Metro

De Blasio gives NYC teachers a raise in new contract

Mayor de Blasio and the teachers union announced a tentative contract deal on Thursday afternoon that includes billions of dollars in retroactive pay.

The long-awaited deal will give members of the United Federation of Teachers the equivalent of 4 percent retroactive hikes for each of the first two years — 2010 and 2011 — which alone will cost the city more than $3 billion.

Those payments are stretched out over a number of years so as not to break the city’s bank.

Teachers are then set to get no raises for one year, followed by 1 percent annual raises from 2013 through 2015.

The pay hikes ramp up toward the end of the contract, to 1.5 percent in 2016, 2.5 percent in 2017 and 3 percent in 2018 – the final year of the deal.

In return, the union agreed to cost-saving measures on health care, such as centralized drug purchases, that administration officials put at $1 billion – a give-back that de Blasio had insisted on for months.

On the policy side, the deal also tackled a host of thorny issues that had been plaguing the city for years – including what to do with teachers who are cut from shrinking or closing schools.

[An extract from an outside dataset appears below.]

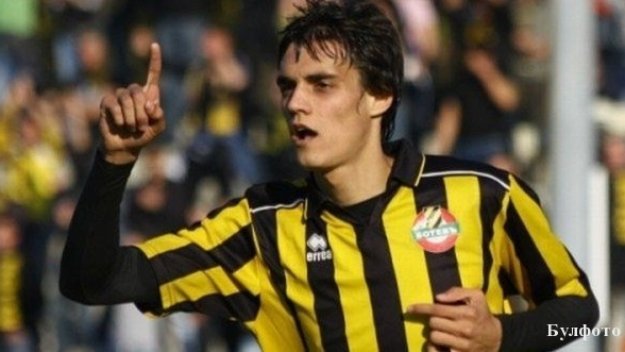 Ботев Пловдив праща Атанас Курдов при юношите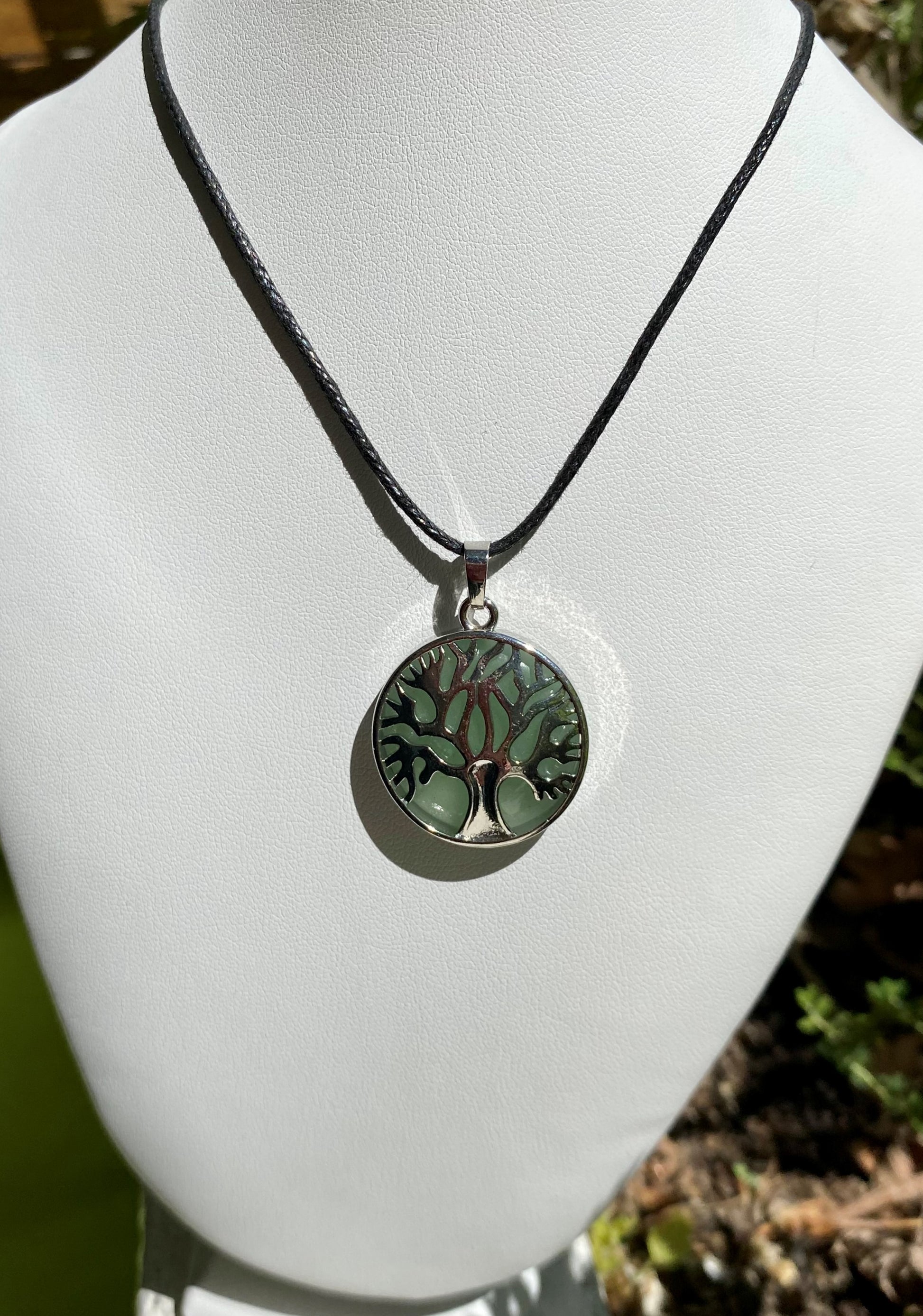 Pendentif Arbre de Vie en Aventurine verte sur cordon noir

Those educators will continue to work as roving substitutes, but can be canned if they get negative reviews from two principals or if they fail to make a real effort at landing a permanent gig.

It also makes it easier to get rid of teachers who engage in inappropriate touching or texting with students, by including those behaviors in the definition of sexual misconduct.

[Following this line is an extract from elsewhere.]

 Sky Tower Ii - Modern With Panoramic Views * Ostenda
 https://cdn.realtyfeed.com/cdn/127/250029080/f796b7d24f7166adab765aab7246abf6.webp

At the opposite end, top-tier teachers or those who work at hard-to-staff schools will be eligible for bonuses ranging from $5,000 to $20,000 – sometimes in exchange for additional mentoring duties.

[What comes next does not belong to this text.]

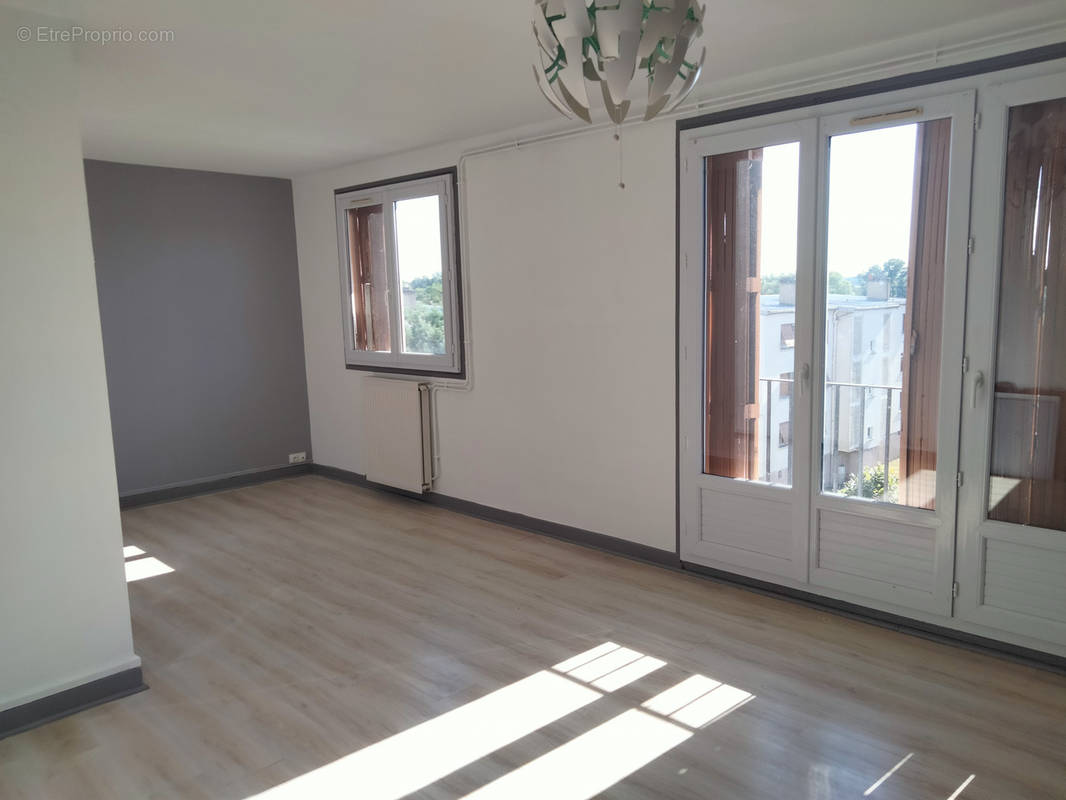 Appartement à DECIZE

The deal also loosens Department of Education and union regulations at up to 200 schools – akin in many ways to the freedoms bestowed on charter schools.

That move will turn as much as 10 percent of the school system into a petri dish of innovation, with initiatives like longer school days and fewer seniority rules.

And teachers across the board will face a less complex evaluation system, which will have the components they’re judged on reduced from 22 to 8.

The terms still need to be ratified by the union’s members in order for the deal to be final.

If approved, it would be the first major labor deal for the de Blasio administration – and likely set a pattern for the remaining 151 expired contracts.

Few of those contracts have been unresolved for as long as the teachers’ union has been.